Shall I not have them? Speak! on poorer spirits —
Who are content with less, because forsooth
The whole would blind or blight them, or because
They have but less to give — will you divide
The glory of your own? or concentrate
On mine its radiant life? — on mine! — that holds
As yet, in calm reserve, the boundless wealth
Of tenderness its Maker taught to it.
Speak! shall we part and go our separate ways,
Each with a half life in a burning soul,
Like two wild clouds, whose meeting would evoke
Th’electric flame pent up within their bosoms:
That parted weep their fiery hearts away,
Or waste afar — and darken unto death?
Speak! do we part? or are we one for ever?(42)
The poem contains no definite indication that it was addressed to Poe; however, Poe believed that it held personal meaning for him and apparently was emotionally stirred by it. “Did you see the lines to Eddy in ... the Metropolitan? They are by Mrs. [page 166:] Osgood, and very beautiful ...”(43), wrote Mrs. Clemm to Annie Richmond on January 11. It was, Mrs. Whitman believed, Poe's reaction to these verses which led him to express to Mrs. Hewitt his doubt that his plans for marriage to Mrs. Whitman would be carried out.(44) Of Poe's unfortunate remark, Mrs. Whitman wrote to Mrs. Hewitt on October 4, 1850:
He had a few days before his interview with you, spoken to me lines which were to appear in the Metropolitan for February 1849. He had seen them in ms (at the publisher's, I think) and believed them to be addressed to himself.
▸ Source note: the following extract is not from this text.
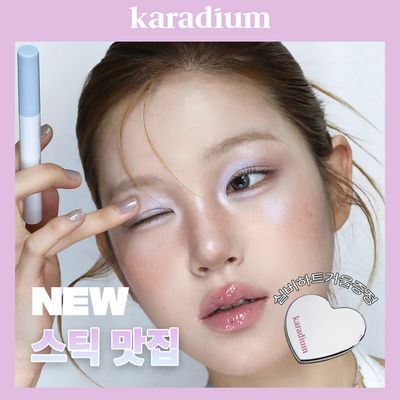 [NEW] 카라디움 샤이닝 펄 섀도우 스틱 6colors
With his impressible & impulsive temperament I can see that they must have deeply affected him & have revived remembrances which, for the moment, prevailed over every other feeling.(45)
Mrs. Osgood wrote in an elegy prompted by Poe's death:
The hand that swept the sounding lyre
With more than mortal skill,
The lightning eye, the heart of fire,
The fervent lip are still!
No more, in rapture or in wo, With melody to thrill,
Ah! nevermore!
· · · · · · · ·
But angel hands shall bring him balm
For every grief he knew,
And Heaven's soft harps his soul shall calm [page 167:]
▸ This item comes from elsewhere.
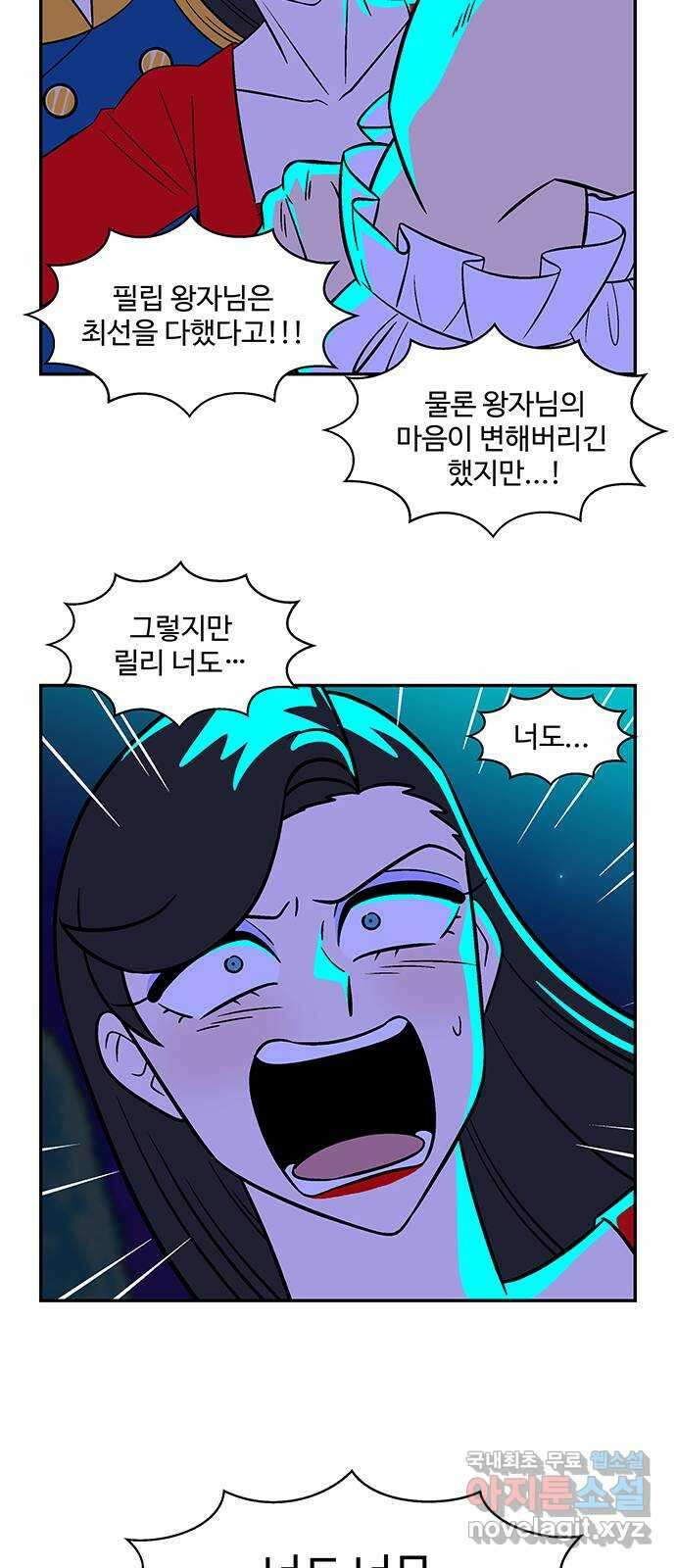 허리케인 공주님 19화 9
With music sweet and true,
And teach to him the holy charm
Of Israfel anew,
For evermore!(46)
In her defense of Poe, written, as Griswold said, “to be placed beside my harsher judgments,”(47) Mrs. Osgood expressed her contempt for “the few unwomanly and slander-loving gossips” who, accepting Poe's society at times when he was intoxicated, “have injured him and themselves only by repeating his ravings.”(48) But her private letter to Griswold reveals her awareness that she too had been injured by the gossip arising from association with Poe; her reminiscences, she wrote, would enable Griswold to “put down at once my envious calumniators.”(49)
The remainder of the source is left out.